A design problem I met again and again.

一首诗 newptcai at gmail.com
Sat Apr 4 13:54:48 CEST 2009


That's clever.  I never thought of that.  Not only something concrete,
like people, could be class, but a procedure, like a Session, could
also be a Class.

Thanks for you all who replied.  I learned a lot from this thread and
I even made some notes of all your advices because I think I might
review them many times in my future work.

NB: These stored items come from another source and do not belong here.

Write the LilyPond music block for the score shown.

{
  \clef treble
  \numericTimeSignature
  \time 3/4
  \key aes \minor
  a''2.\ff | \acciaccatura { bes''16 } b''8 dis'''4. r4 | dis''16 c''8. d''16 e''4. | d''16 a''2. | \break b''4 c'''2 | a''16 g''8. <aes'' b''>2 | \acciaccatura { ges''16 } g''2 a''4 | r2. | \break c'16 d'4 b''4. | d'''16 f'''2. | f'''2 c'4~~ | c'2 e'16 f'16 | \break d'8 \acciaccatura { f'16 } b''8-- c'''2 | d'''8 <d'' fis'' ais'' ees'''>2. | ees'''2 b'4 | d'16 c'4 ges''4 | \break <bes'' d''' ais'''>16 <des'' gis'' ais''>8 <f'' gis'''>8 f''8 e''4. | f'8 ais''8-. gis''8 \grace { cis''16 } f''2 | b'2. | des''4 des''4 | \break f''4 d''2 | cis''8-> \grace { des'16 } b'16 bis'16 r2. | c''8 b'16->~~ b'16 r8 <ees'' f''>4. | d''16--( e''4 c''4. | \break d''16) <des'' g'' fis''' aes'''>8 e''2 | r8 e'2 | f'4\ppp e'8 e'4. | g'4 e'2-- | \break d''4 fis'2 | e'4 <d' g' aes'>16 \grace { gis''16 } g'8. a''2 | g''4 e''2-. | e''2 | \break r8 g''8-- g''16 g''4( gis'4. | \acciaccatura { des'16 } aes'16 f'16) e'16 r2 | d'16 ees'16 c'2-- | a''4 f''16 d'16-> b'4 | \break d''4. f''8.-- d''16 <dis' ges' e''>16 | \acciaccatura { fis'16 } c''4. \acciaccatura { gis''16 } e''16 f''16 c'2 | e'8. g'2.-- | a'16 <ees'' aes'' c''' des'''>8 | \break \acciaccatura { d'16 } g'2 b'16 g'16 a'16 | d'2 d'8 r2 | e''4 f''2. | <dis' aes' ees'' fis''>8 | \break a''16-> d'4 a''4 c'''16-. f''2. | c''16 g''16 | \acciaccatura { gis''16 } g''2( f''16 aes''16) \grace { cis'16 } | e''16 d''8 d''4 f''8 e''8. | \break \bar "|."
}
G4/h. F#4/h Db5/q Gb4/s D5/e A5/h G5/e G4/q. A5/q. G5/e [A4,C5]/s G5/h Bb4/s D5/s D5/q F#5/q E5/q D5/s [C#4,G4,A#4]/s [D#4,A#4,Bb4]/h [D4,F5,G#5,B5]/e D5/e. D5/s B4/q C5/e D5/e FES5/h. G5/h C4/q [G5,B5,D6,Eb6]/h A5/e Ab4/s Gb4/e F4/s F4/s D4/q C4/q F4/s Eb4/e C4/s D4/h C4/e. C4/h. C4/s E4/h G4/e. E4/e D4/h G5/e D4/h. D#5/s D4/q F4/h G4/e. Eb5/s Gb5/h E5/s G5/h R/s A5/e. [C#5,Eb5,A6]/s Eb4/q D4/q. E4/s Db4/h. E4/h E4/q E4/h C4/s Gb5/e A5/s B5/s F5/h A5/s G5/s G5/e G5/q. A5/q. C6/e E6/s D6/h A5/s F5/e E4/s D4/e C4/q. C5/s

On Apr 4, 12:10 pm, Carl Banks <pavlovevide... at gmail.com> wrote:
> On Apr 2, 11:25 pm, 一首诗 <newpt... at gmail.com> wrote:
>
>
>
> > Consolidate existing functions?
>
> > I've thought about it.
>
> > For example, I have two functions:
>
> > #=========================
>
> > def startXXX(id):
> >     pass
>
> > def startYYY(id):
> >     pass
> > #=========================
>
> > I could turn it into one:
>
> > #=========================
> > def start(type, id):
> >     if(type == "XXX"):
> >         pass
> >     else if(type == "YYY"):
> >         pass
> > #=========================
>
> > But isn't the first style more clear for my code's user?
>
> Not necessarily, especially if the user wants to dynamically choose
> which start*** function to call.
>
> I have one more suggestion.  Consider whether there are groups of
> methods that are used together but aren't used with other groups of
> functions.  For instance, maybe there is a group of methods that can
> only be called after a call to startXXX.  If that's the case, you
> might want to separate those groups into different classes.  The
> branched-off class would then act as a sort of session handler.
>
> A piece of user code that looked like this (where sc is an instance of
> your enormous class):
>
> sc.startX()
> sc.send_data_via_X()
> sc.receive_data_via_X()
> sc.stopX()
>
> might look like this after you factor it out:
>
> session = sc.startX()  # creates and returns a new XSession object
> session.send_data()    # these are methods of the XSession
> session.receive_data()
> session.stop()
>
> Any methods that are callable any time, you can retain in the big
> class, or put in a base class of all the sessions.